San Bernardino, ISIS, Islam, and Refugees

A measured statement from the Christian evangelical camp by Mark Tooley.  Excerpt:

At the very least, Christian immigration advocates should urge U.S. immigration policies that strongly prohibit persons who reject American democratic principles.  Over one hundred years ago immigration policies screened against anarchist sympathies, which murderously raged in Europe.  Later U.S. policies screened against Bolshevism.  Of course, the U.S. screened against Nazi and Fascist sympathizers.  So too it should protect against adherents of Islamist theocratic political supremacy.

This should strike one as supremely self-evident unless one is  a hate-America leftist as are too many people in high places.  I don't need to name names.

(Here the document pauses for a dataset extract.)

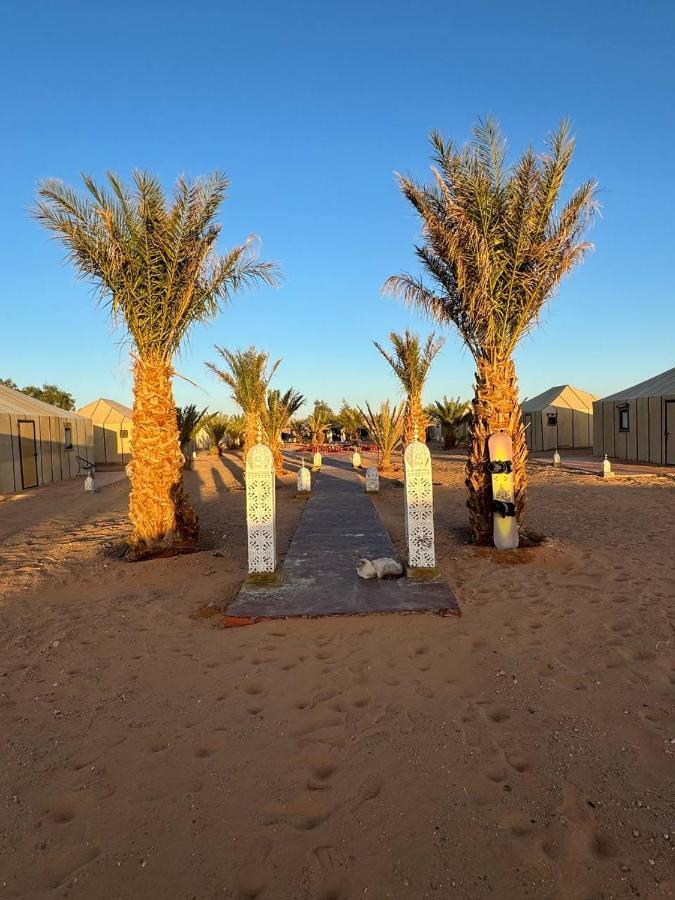 Sahara Dunes Luxury Camp メルズーガ エクステリア 写真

(That's a curious expression, isn't it?  If I write or say a name, I haven't named it.  I have named the bearer of the name.  For example, if I write 'Obama,' I haven't named that name; to name that name I would have to write something like, " 'Obama'. ")

David Horowitz on Donald Trump

Here:

Donald Trump’s great contribution is saying the unsayable; putting things on the table that would otherwise be buried; calling a spade a spade in a time when political correctness has made us unable to discuss things that have to do with our basic national survival.  This is the crux of the issue.  Every time he creates a controversy like this he also tells this country that its emperors, Republican and Democrat, have no clothes. That they prefer propriety over defending the country.  That they are dedicated only to keeping the lid on a cauldron of threat and challenge they have allowed to boil over.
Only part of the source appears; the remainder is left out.